TASK OBJECTIVE:
An exact restatement is required. Cover only the lines of the records from the first through the line with "Modern Square 2-Piece", and skip pictures.

(Captioned web image data)

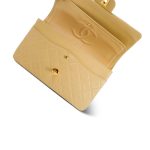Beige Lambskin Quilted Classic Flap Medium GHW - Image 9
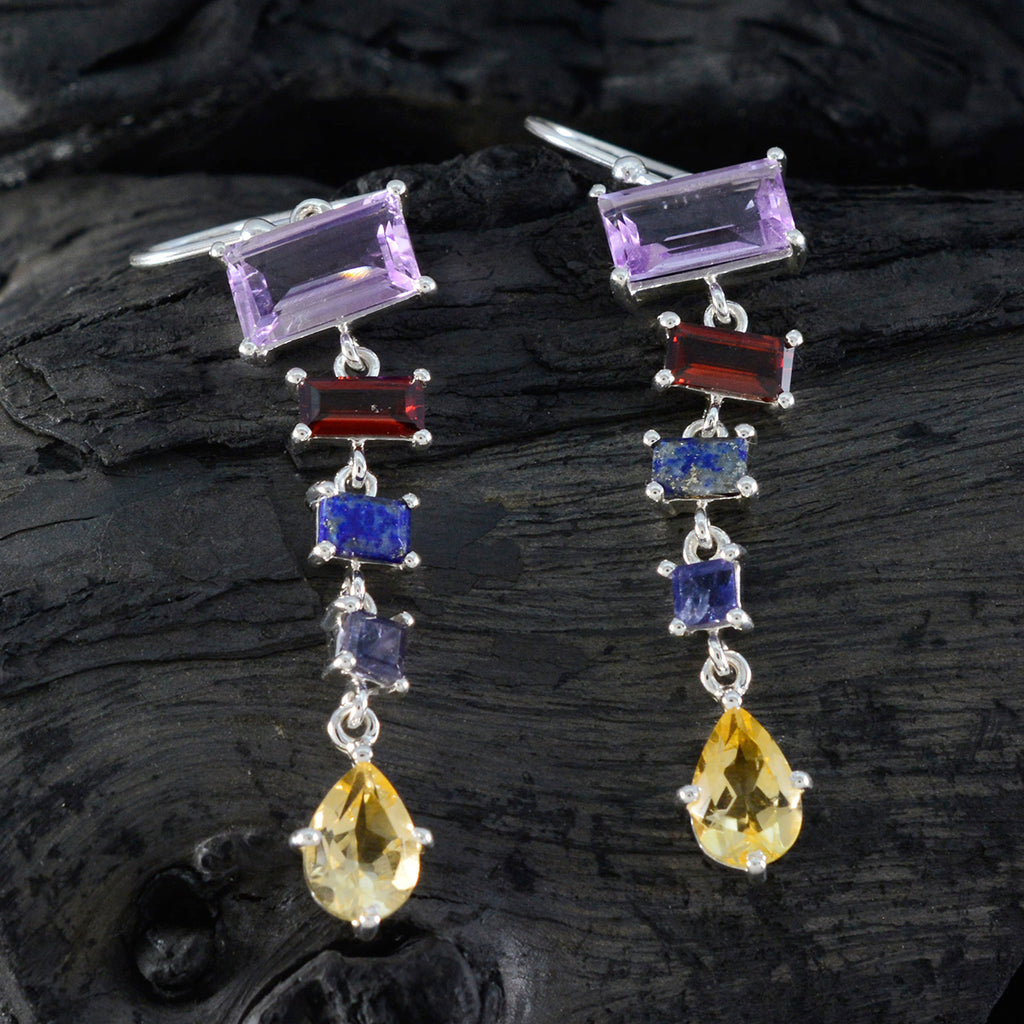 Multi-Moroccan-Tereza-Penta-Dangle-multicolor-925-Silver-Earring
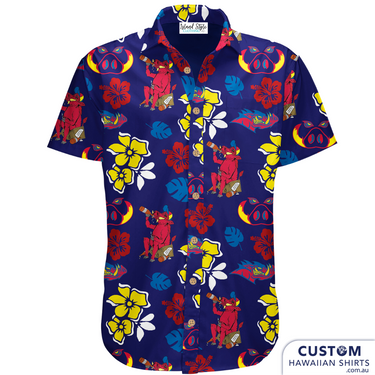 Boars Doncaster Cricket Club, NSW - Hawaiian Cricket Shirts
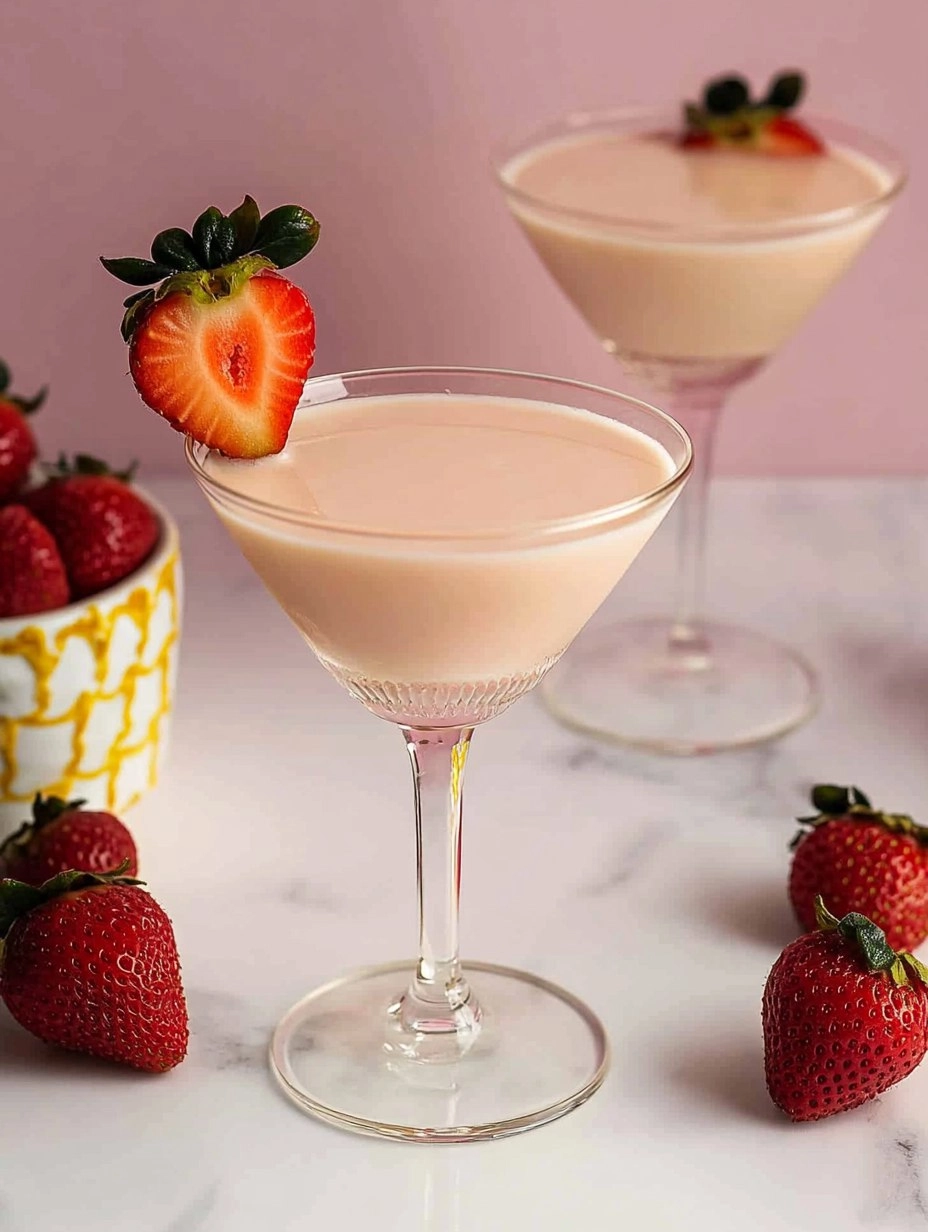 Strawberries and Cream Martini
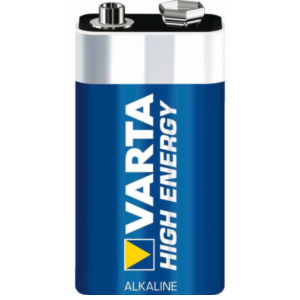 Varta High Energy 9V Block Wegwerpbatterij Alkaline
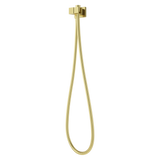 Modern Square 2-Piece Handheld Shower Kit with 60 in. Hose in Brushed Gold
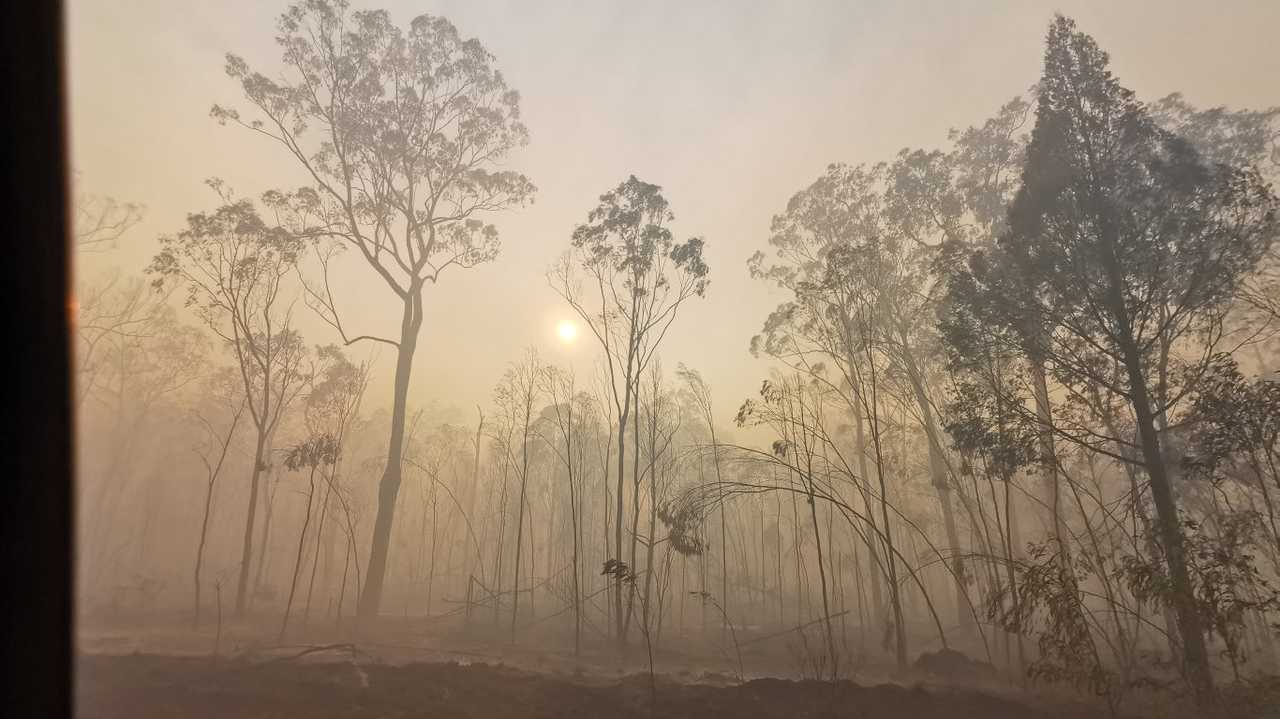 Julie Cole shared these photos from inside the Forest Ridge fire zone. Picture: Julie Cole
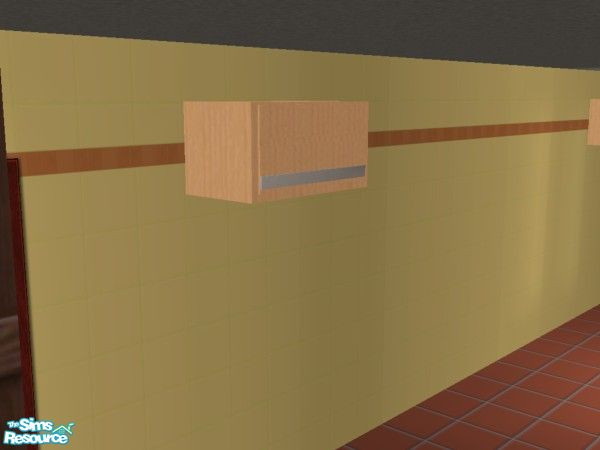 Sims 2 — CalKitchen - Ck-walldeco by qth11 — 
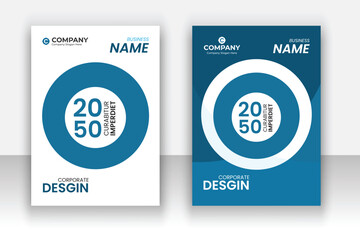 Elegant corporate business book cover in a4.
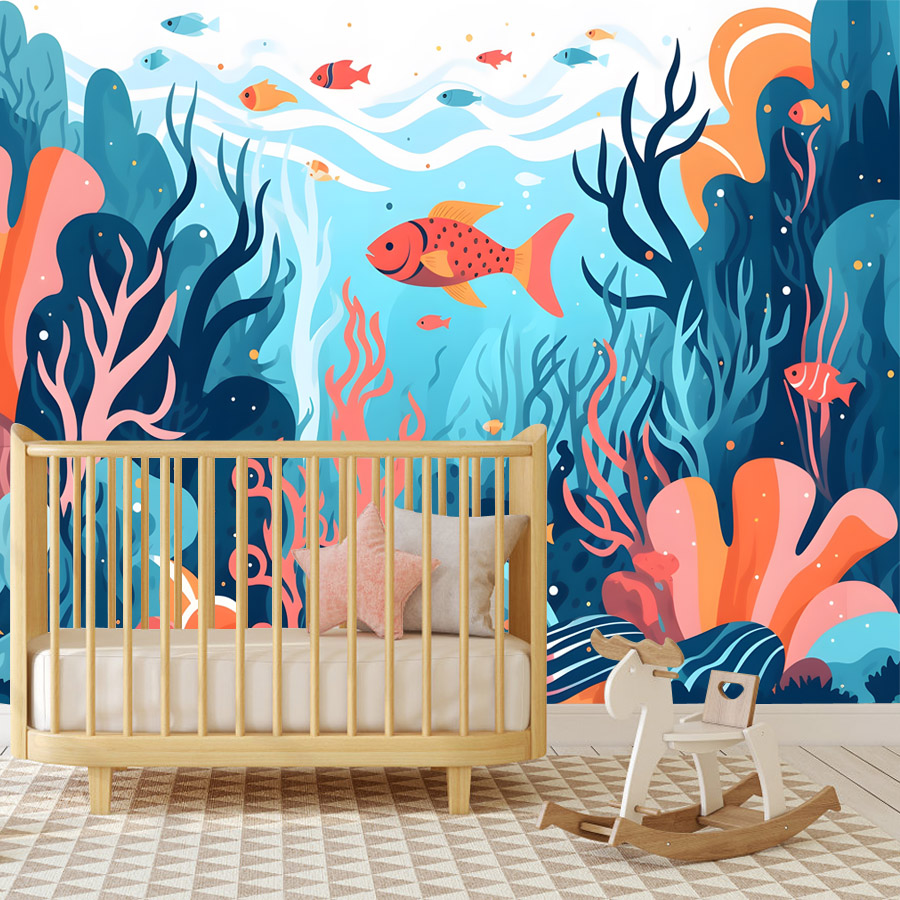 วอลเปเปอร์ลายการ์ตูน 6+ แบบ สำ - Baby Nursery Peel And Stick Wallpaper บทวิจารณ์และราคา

REPLY TO THE EXERCISE:
Beige Lambskin Quilted Classic Flap Medium GHW - Image 9
 Multi-Moroccan-Tereza-Penta-Dangle-multicolor-925-Silver-Earring
 Boars Doncaster Cricket Club, NSW - Hawaiian Cricket Shirts
 Strawberries and Cream Martini
 Varta High Energy 9V Block Wegwerpbatterij Alkaline
 Modern Square 2-Piece Handheld Shower Kit with 60 in. Hose in Brushed Gold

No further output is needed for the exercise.